* [Problem description]: The listing is to be reproduced exactly, excluding its pictures.

* [Data for processing]:
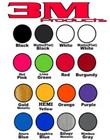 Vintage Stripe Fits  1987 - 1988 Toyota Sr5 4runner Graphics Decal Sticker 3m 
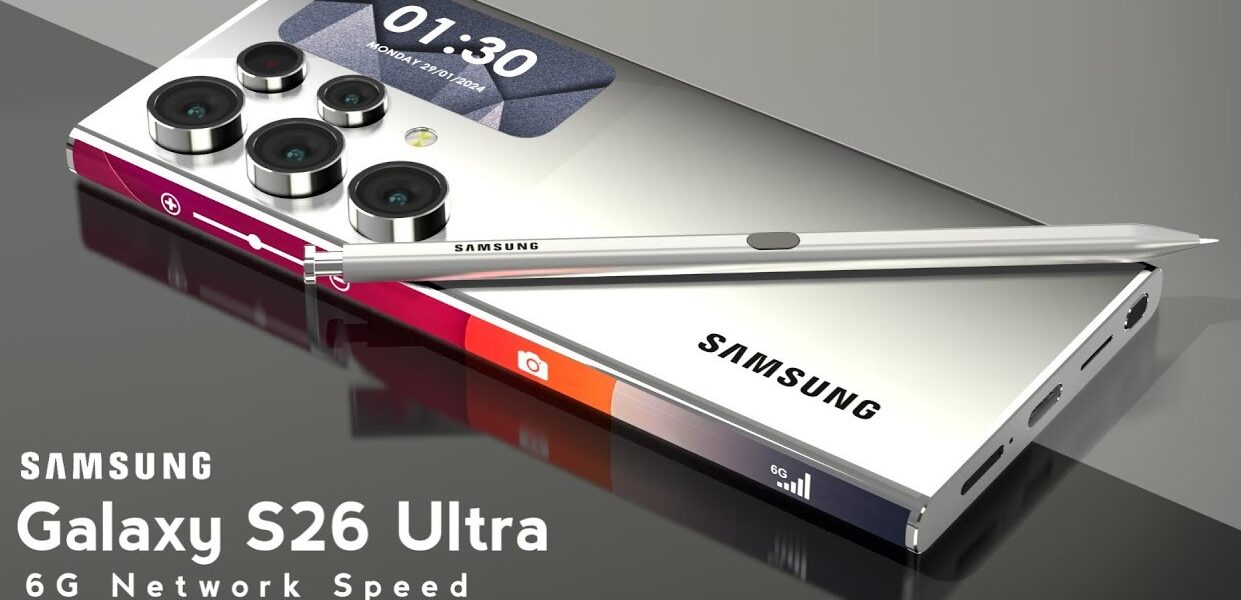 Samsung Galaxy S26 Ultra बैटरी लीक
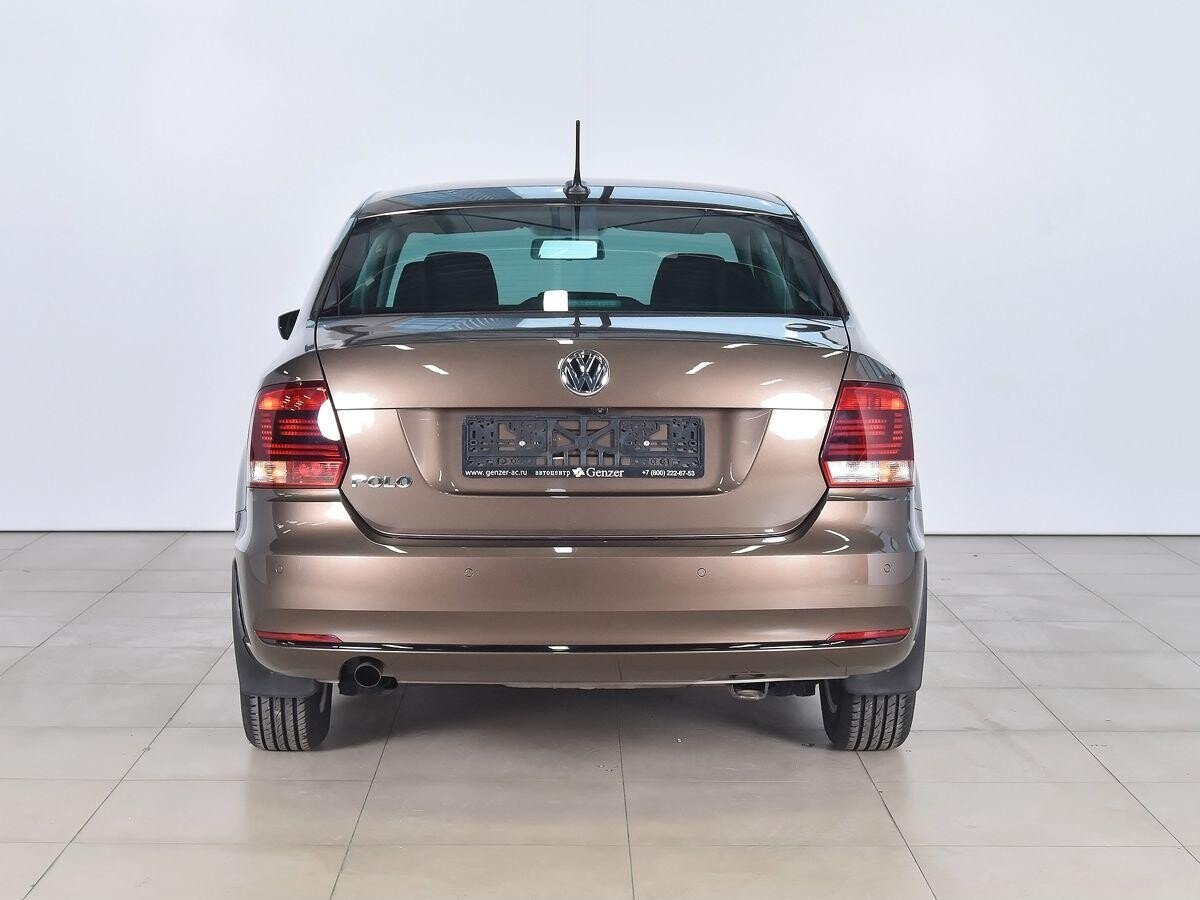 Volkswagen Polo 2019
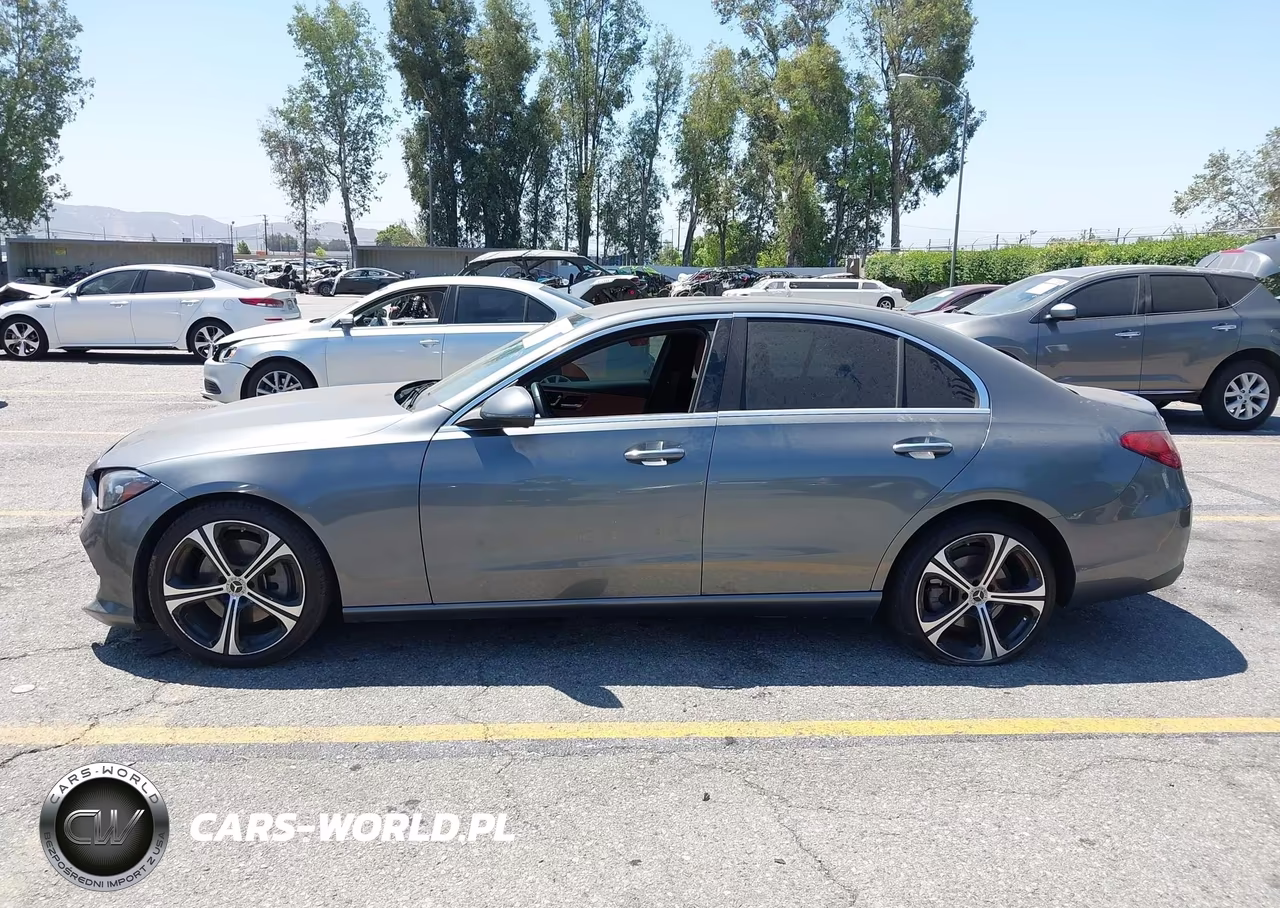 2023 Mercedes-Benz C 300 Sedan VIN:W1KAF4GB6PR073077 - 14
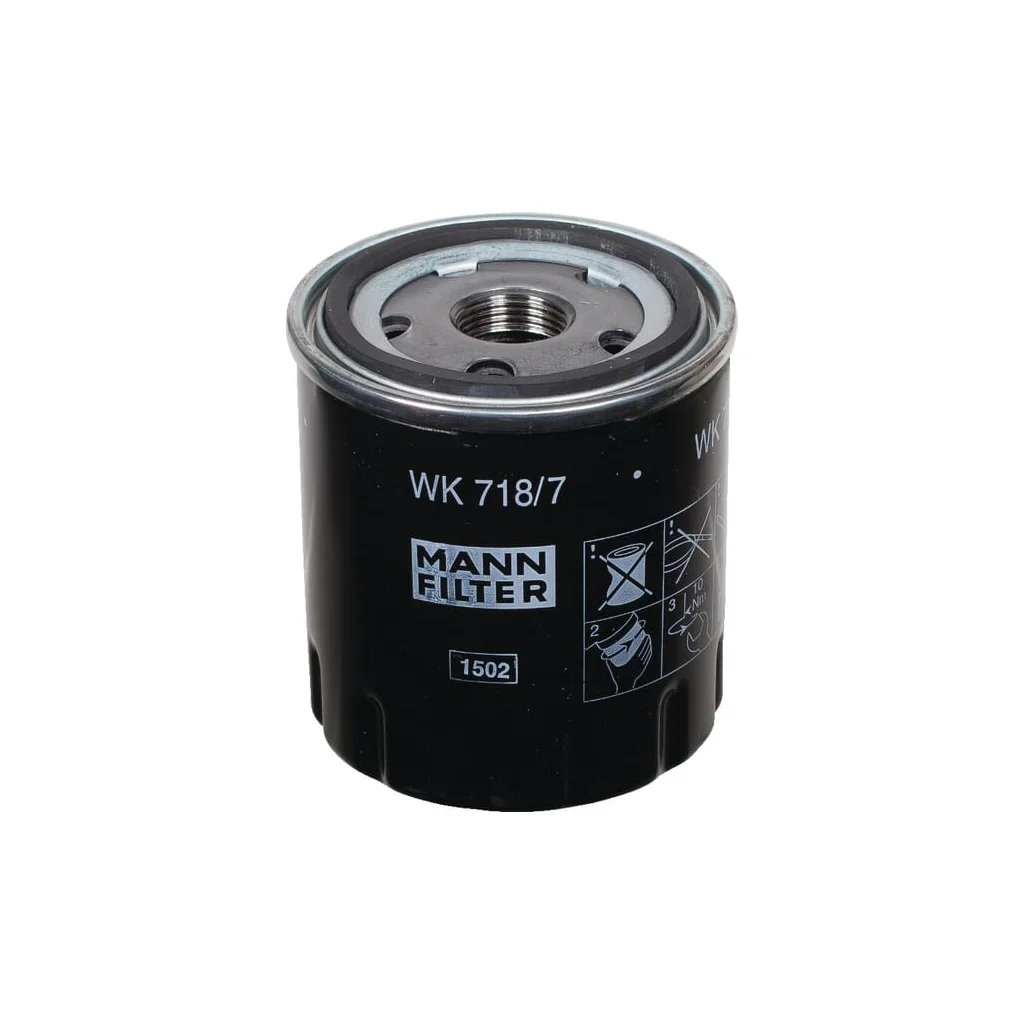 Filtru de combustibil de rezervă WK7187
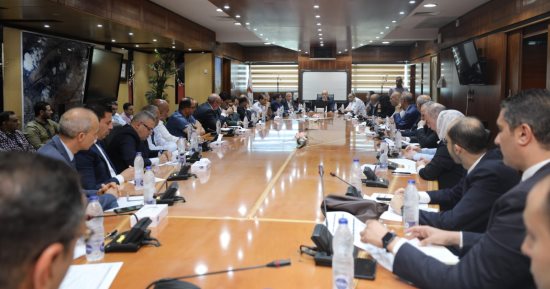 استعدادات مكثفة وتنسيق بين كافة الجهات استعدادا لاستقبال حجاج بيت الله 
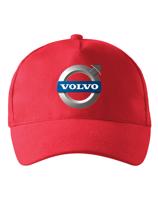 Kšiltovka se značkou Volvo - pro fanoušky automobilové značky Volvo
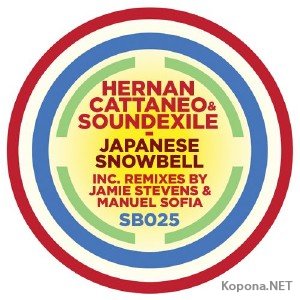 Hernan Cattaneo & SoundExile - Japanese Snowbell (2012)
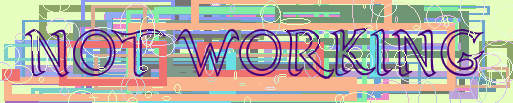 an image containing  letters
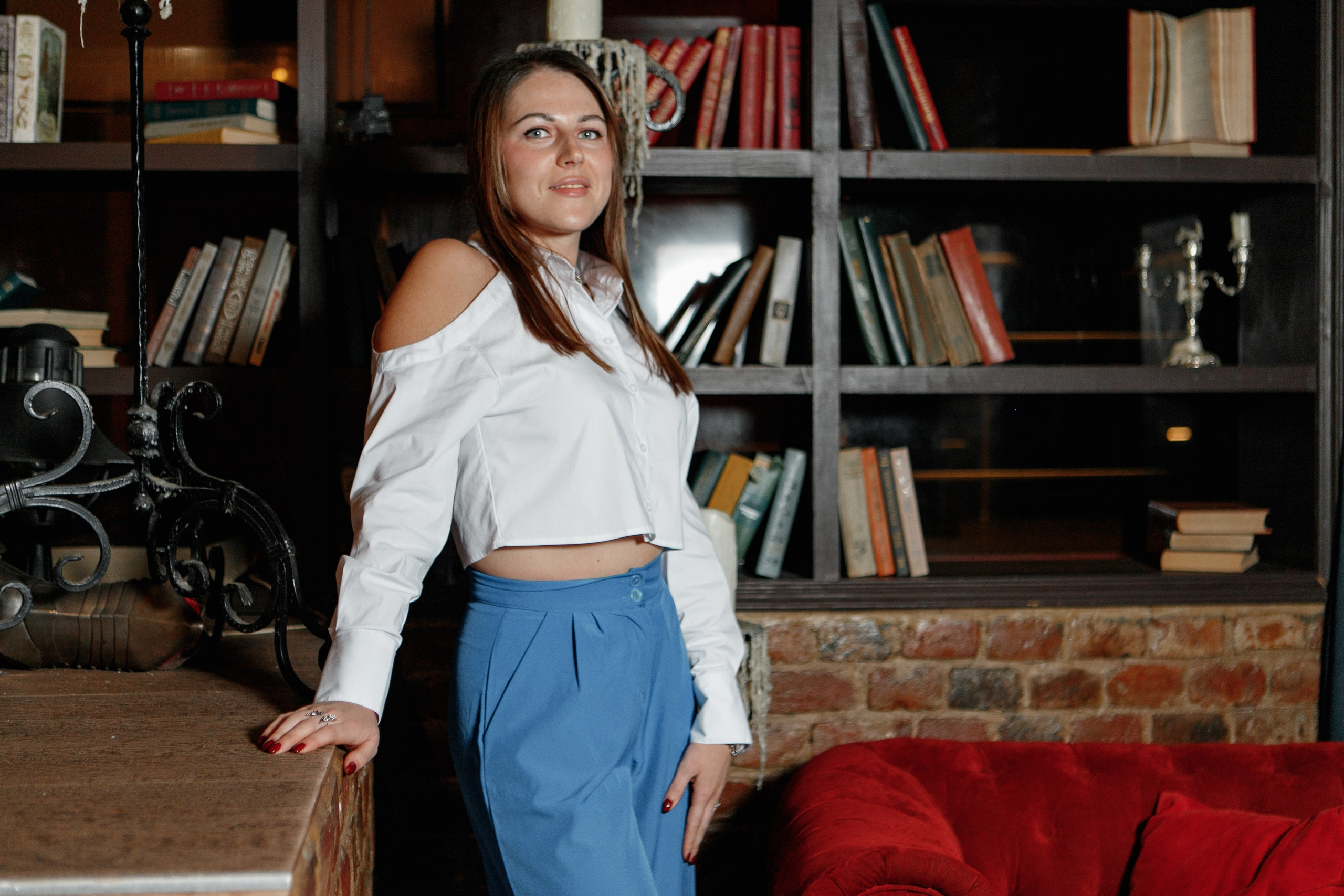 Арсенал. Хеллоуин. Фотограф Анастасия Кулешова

* [Response]:
 Vintage Stripe Fits  1987 - 1988 Toyota Sr5 4runner Graphics Decal Sticker 3m 
 Samsung Galaxy S26 Ultra बैटरी लीक
 Volkswagen Polo 2019
 2023 Mercedes-Benz C 300 Sedan VIN:W1KAF4GB6PR073077 - 14
 Filtru de combustibil de rezervă WK7187
 استعدادات مكثفة وتنسيق بين كافة الجهات استعدادا لاستقبال حجاج بيت الله 
 Kšiltovka se značkou Volvo - pro fanoušky automobilové značky Volvo
 Hernan Cattaneo & SoundExile - Japanese Snowbell (2012)
 an image containing  letters
 Арсенал. Хеллоуин. Фотограф Анастасия Кулешова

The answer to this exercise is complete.